Data Engineering - C4W4 - Task 1

Hello,
I am dealing with the first Task of Course 4 Task 1 of Data Engineering. When I try to deploy the scripts in the Landing Zone they fail to start (aws glue get-job-run fails). I don’t know how to solve this problem.

Thanks in advance.

In the AWS console I get the error:
MissingSchema: Invalid URL ‘ec2-107-21-8-209.compute-1.amazonaws.com?start_date=2020-01-01&end_date=2020-01-31’: No schema supplied. Perhaps you meant http://ec2-107-21-8-209.compute-1.amazonaws.com?start_date=2020-01-01&end_date=2020-01-31?

Now terraform apply shuts down with error:

Error: creating Glue Connection (de-c4w4a1-connection-rds): operation error Glue: CreateConnection, https response error StatusCode: 400, RequestID: c312f61f-e395-43d7-865c-a7ee46d5be33, AlreadyExistsException: Connection already exists.

with module.extract_job.aws_glue_connection.rds_connection,
on modules/extract_job/glue.tf line 2, in resource “aws_glue_connection” “rds_connection”:
2: resource “aws_glue_connection” “rds_connection” {

Error: creating IAM Role (de-c4w4a1-glue-role): operation error IAM: CreateRole, https response error StatusCode: 409, RequestID: 7384f773-15e0-4bcf-8fcc-0a16cb836e22, EntityAlreadyExists: Role with name de-c4w4a1-glue-role already exists.
And a similar error to CreateIAMRole

I will move this thread to the discussion forum area for that course.

Posting in the “AI Discussions” forum will not get you many answers related to a specific course.

Hi,

I think this pertains to the second data source (new API).

Please make sure to copy the correct endpoint value from the CloudFormation outputs tab and replace the placeholder <API_ENDPOINT> with it (i.e., item 2.4)

Then, test the API by performing a GET request to the endpoint (i.e., item 2.5).
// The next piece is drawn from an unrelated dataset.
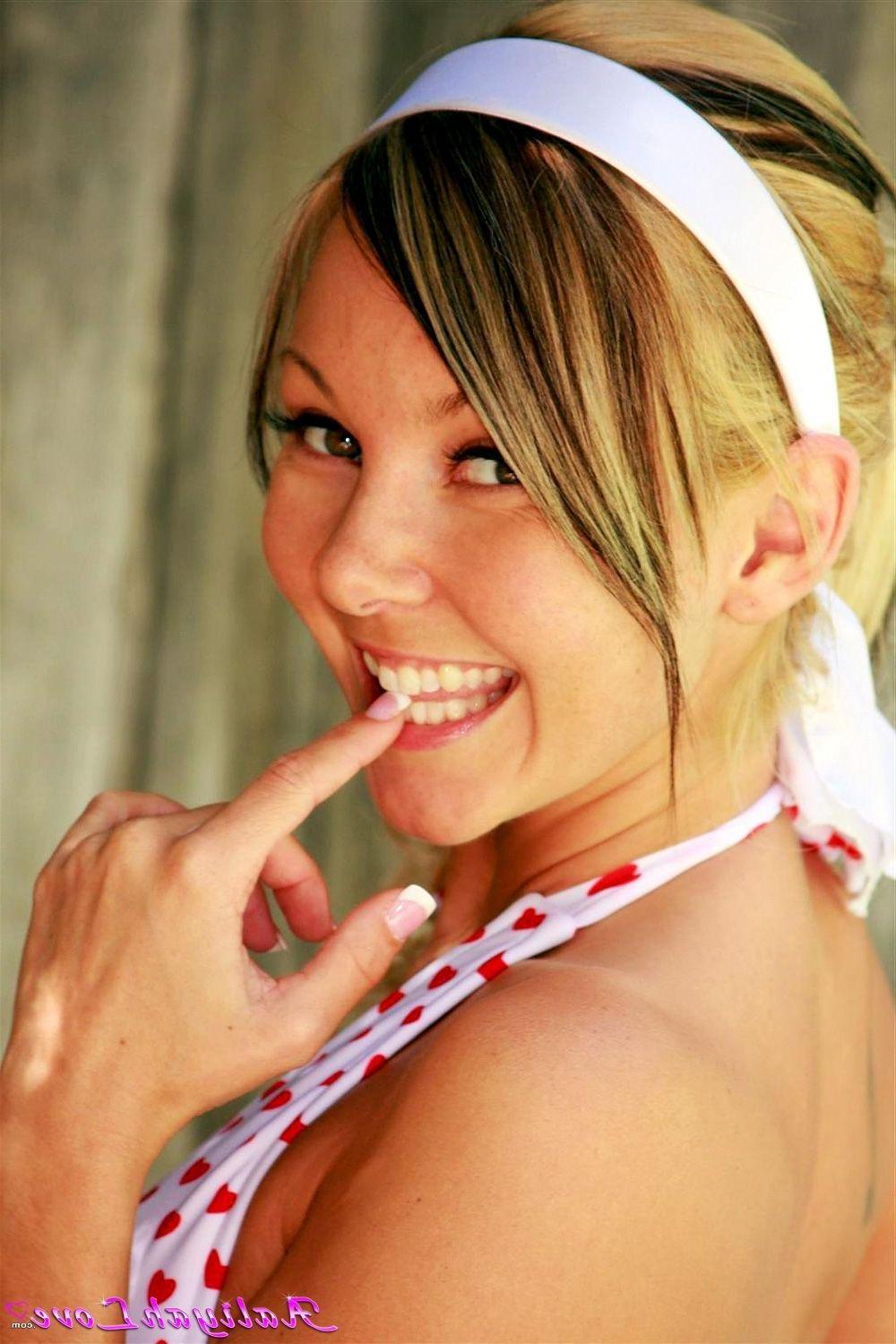 20P Pictures of teen amateur Aaliyah Love spreading her legs for you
Please run the cell below it and make sure that you get a status code 200 before proceeding to the next items.

1 Like

Hi,
I modified it in the notebook, and it get 200 as result. I modified it in two places in glue.tf. I now get the error in the AWS console:

HTTPError: 404 Client Error: Not Found for url: http://ec2-3-223-128-148.compute-1.amazonaws.com/?start_date=2020-01-01&end_date=2020-01-31

Hi,

Could you please share more details about the specific step where you’re encountering the issue? This will help us assist you more effectively.

In Item 2.5 I get status code 200, so everything is ok up to that point.

The problem arises in point 4.1.7. There I have to run the scripts:

aws glue start-job-run --job-name | jq -r ‘.JobRunId’

This sentence runs ok. But when I try if they run ok:

aws glue get-job-run --job-name --run-id --output text --query “JobRun.JobRunState”

with the scripts de-c4w4a1-api-users-extract-job and de-c4w4a1-api-sessions-extract-job I get

FAILED.

For the script de-c4w4a1-rds-extract-job I get SUCCEEDED.

When I go to the AWS Console to G3 and I go to Run in these jobs I get

HTTPError: 404 Client Error: Not Found for url: http://ec2-54-243-232-194.compute-1.amazonaws.com/?start_date=2020-01-01&end_date=2020-01-31

Thanks in advance.

Thanks in advance.

Hello,

Could you please start by checking whether you’re able to extract the sample data from the two API sources, as outlined in steps 2.6 to 2.7? You should receive a JSON response containing the data content.

Next, please ensure that you’ve included the required endpoint parameters in the Python script for the API, as described in step 4.1.1, and that the changes are saved correctly.

Also, kindly review step 4.1.3 to confirm that no modifications were made to this section. Only uncomment the lines specified in step 4.1.4, as instructed.